Sobre mulheres e política

jul 28, 2015 | Artigos e Publicações, Notícias, Opinião PIRATA | 0 Comentários

por Fabiane K. Bogdanovicz

Este texto foi psicografado no ritmo frenético dos pensamentos, deslizando na cadeia dos significados, navegando o rio das associações livres num barco pirata a fim de encontrar o mar caótico do (in)consciente coletivo…

Sobre mulheres e a / na política

11781863_10153536417807028_5003110839305394901_nAno de eleição. 30% das vagas partidárias destinadas às mulheres, pois “somos mais de 50% da população” e apenas … de cargos na política.

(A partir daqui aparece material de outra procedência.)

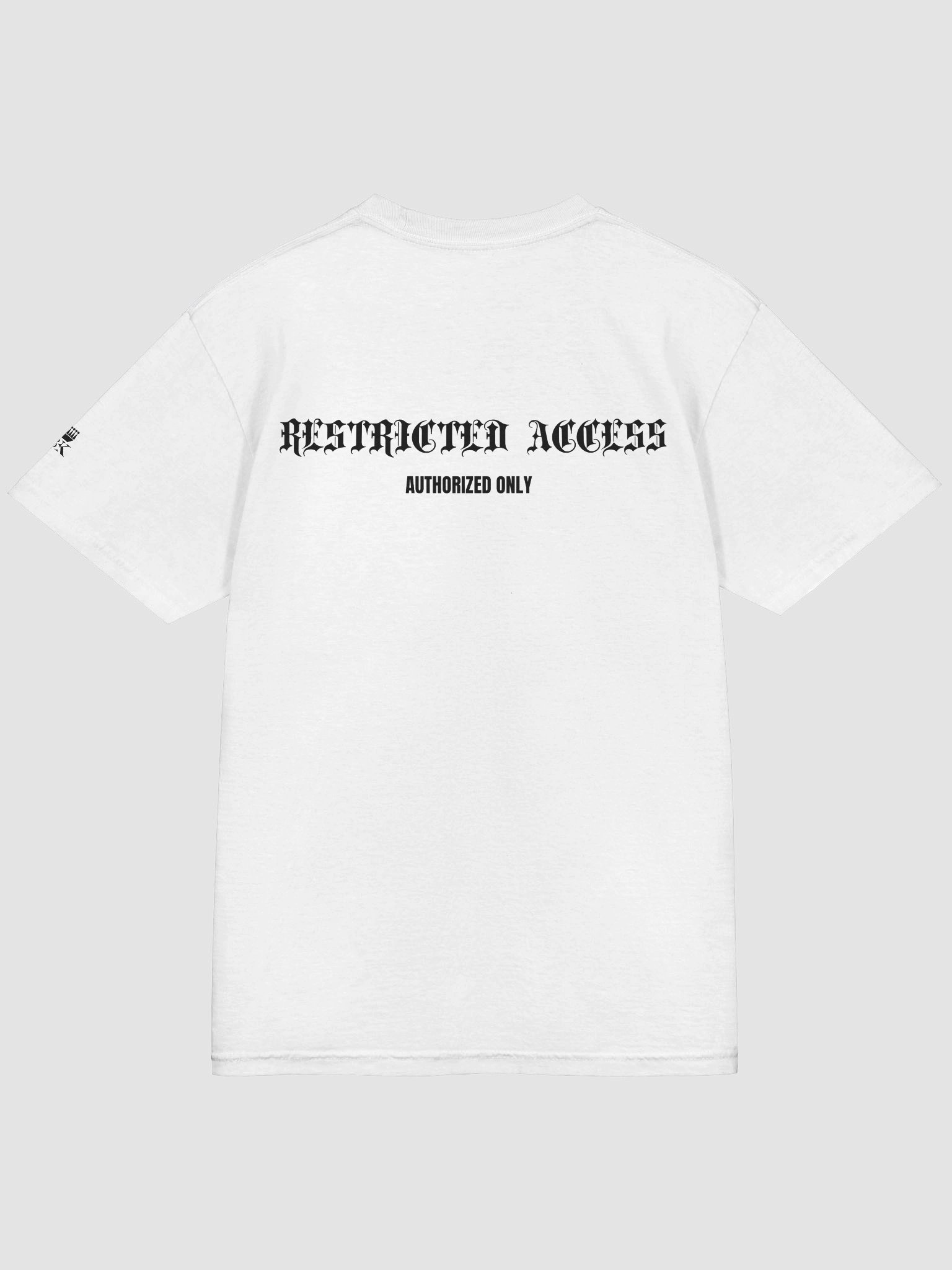 Restricted Access : AUTHORIZED ONLY Relaxed T-shirt product image (134)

E aí, na propaganda eleitoral, essa mulher enche a boca para falar que é “mãe de família”, argumento usado para demonstrar como é preocupada com a segurança, com as contas do final do mês, com a educação, saúde, e todo tipo de tema genérico cujo domínio o termo “mãe” socialmente lhe garante. Essas mulheres na política vêm para reproduzir um papel social muito específico, um estereótipo de mulher, que é culturalmente aceito – e, assim, não-ameaçador. Como seria a aceitação de uma mulher que fosse ao ar dizendo que é solteira, que não tem filhos nem tem vontade alguma de tê-los? (Se fosse nova, diriam que ela mudaria de idéia com a “maturidade”. Se fosse mais velha, chamar-na-iam de “mal comida”, que ficou “para tia”, e daí para baixo.) Será que para ter espaço na política (nas questões da polis, da cidade), no espaço público (fora do espaço privado, que é o espaço historicamente reservado à mulher), a mulher precisa deixar claro que ela sabe que seu papel principal é o de mãe (obviamente legitimando uma idéia de família nuclear, heterossexual, monogâmica, patriarcal), que é dentro do lar?

A mulher não pode ser vista como um ser independente, autônomo. Um ser com idéias próprias, com desejos próprios, que não passam por uma família, por um parceiro – um macho –, pelos filhos que são socialmente exigidos que ela tenha. Ela não pode, pois assim ela é ameaçadora. Ela é historicamente associada às forças da natureza, às fases da lua, às bruxas, à TPM, à fofoca, ao descontrole emocional, à desrazão, à Eva mordendo a maçã – a ruína do Homem e a queda do Paraíso. E, para ser aceita, ela precisa ser Maria, mãe devotada, cuidadora da família, a grande mulher atrás de um grande homem (não ao lado, nem à frente e menos ainda sozinha). A mulher entra na política partidária para ocupar uma cota obrigatória, para legitimar um discurso sub-reptício de que seu lugar primário é em casa, para reproduzir a concepção de um ser mulher como algo invariavelmente atrelado à maternidade; não para reivindicar mudança, autonomia, liberdade, voz, espaço de fala e de protagonismo, mas para desempenhar o mesmo papel que vem sendo historicamente a ela delegado.
E nos “nossos” espaços, que propomos como diferentes, alternativos a esse modelo político padrão, tradicional, que consideramos precisar ser ultrapassado? Como garantimos que as mulheres não estejam aqui apenas “cumprindo tabela”, decorando o cenário de uma peça teatral muito bonita onde homens falam da importância das mulheres na política, de feminismo, sem garantir o espaço de fala e de protagonismo das companheiras? Como nos comportamos quando uma mulher, a quem é historicamente negado o espaço de fala, expressa sua opinião? Com quanto de paciência e respeito conseguimos lidar com o que consideramos como erro ou despreparo de uma companheira que está dando seus primeiros passos em uma experiência de participação política? Vamos dizer que o partido não é local para que essa mulher comece a falar, se expressar, protagonizar?
Não basta colocar fisicamente uma mulher em um lugar para garantir a participação de quem foi ensinada desde a infância que o certo era se comportar, ficar quietinha, sentar com as pernas bem fechadas, prestar atenção no que os outros estão dizendo sem responder, obedecer, não se mexer muito para não despentear o cabelo, ser prestativa, ficar na cozinha enquanto os homens estão conversando, e que se tiver opiniões demais, não irá ser desejada por ninguém.
É claro, este texto nem sequer tangencia o como é crescer em um corpo que é lido como feminino e por isso passar toda (ou quase toda) a vida introjetando moldes e valores culturais injustos, de insegurança e silenciamento. Mas propõe que reflitamos sobre: como fazer do Partido Pirata um espaço aberto e seguro para o protagonismo feminino, com respeito às companheiras, das mais experientes às mais novatas, para que nosso barco seja plural, diverso, respeitoso, honesto, combativo e colaborativo?